• ACTION ITEM:
The entries are to be written out word for word, with their images left out.

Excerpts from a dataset
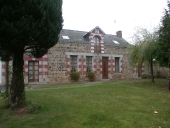 Maison, 1 avenue Saint-Lazare (Rannée)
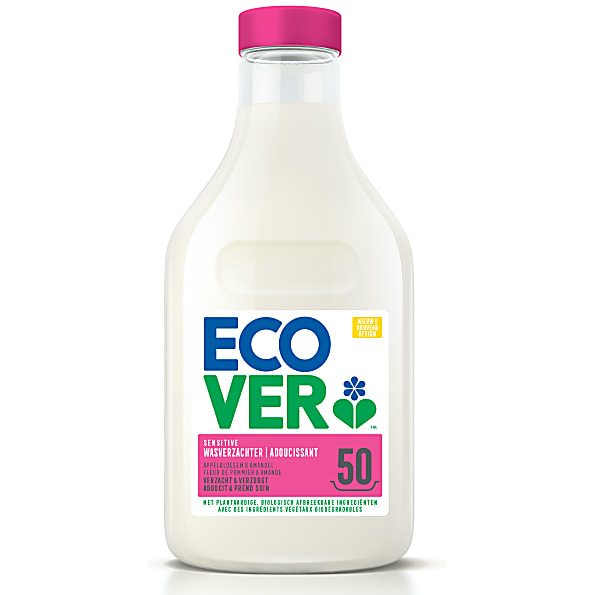 Ecover Wasverzachter 15L 50 Wasbeurten Appelbloesem Amandel ecover kopen in de aanbieding Ecover Wasverzachter 15L 50 Wasbeurten Appelbloesem Amandel ecover kopen in de aanbieding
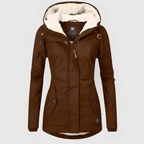 Serena™ | Vattentät Elegant Jacka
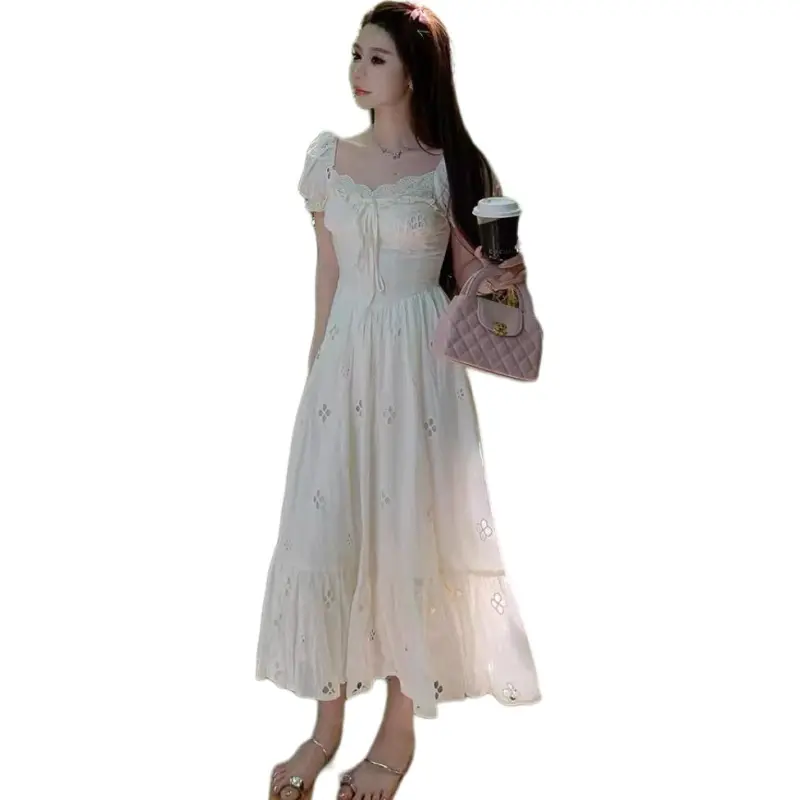 Dior Beauty Short Sleeved Dress Women's-2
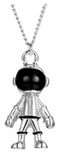 Collier Astronaute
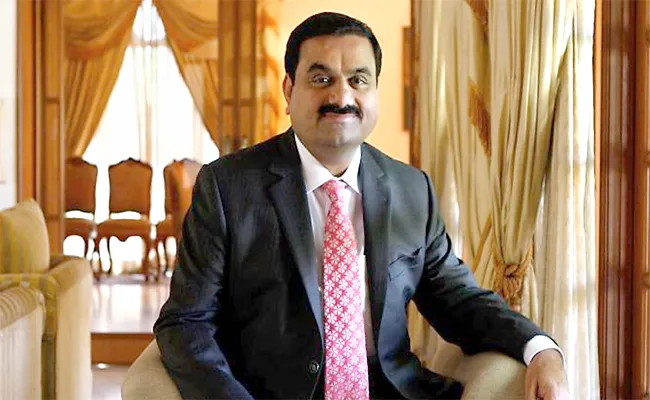 India: Gautam Adani With $67 Billion Asia Second Richest Person - Sakshi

• EXPECTED ANSWER:
 Maison, 1 avenue Saint-Lazare (Rannée)
 Ecover Wasverzachter 15L 50 Wasbeurten Appelbloesem Amandel ecover kopen in de aanbieding Ecover Wasverzachter 15L 50 Wasbeurten Appelbloesem Amandel ecover kopen in de aanbieding
 Serena™ | Vattentät Elegant Jacka
 Dior Beauty Short Sleeved Dress Women's-2
 Collier Astronaute
 India: Gautam Adani With $67 Billion Asia Second Richest Person - Sakshi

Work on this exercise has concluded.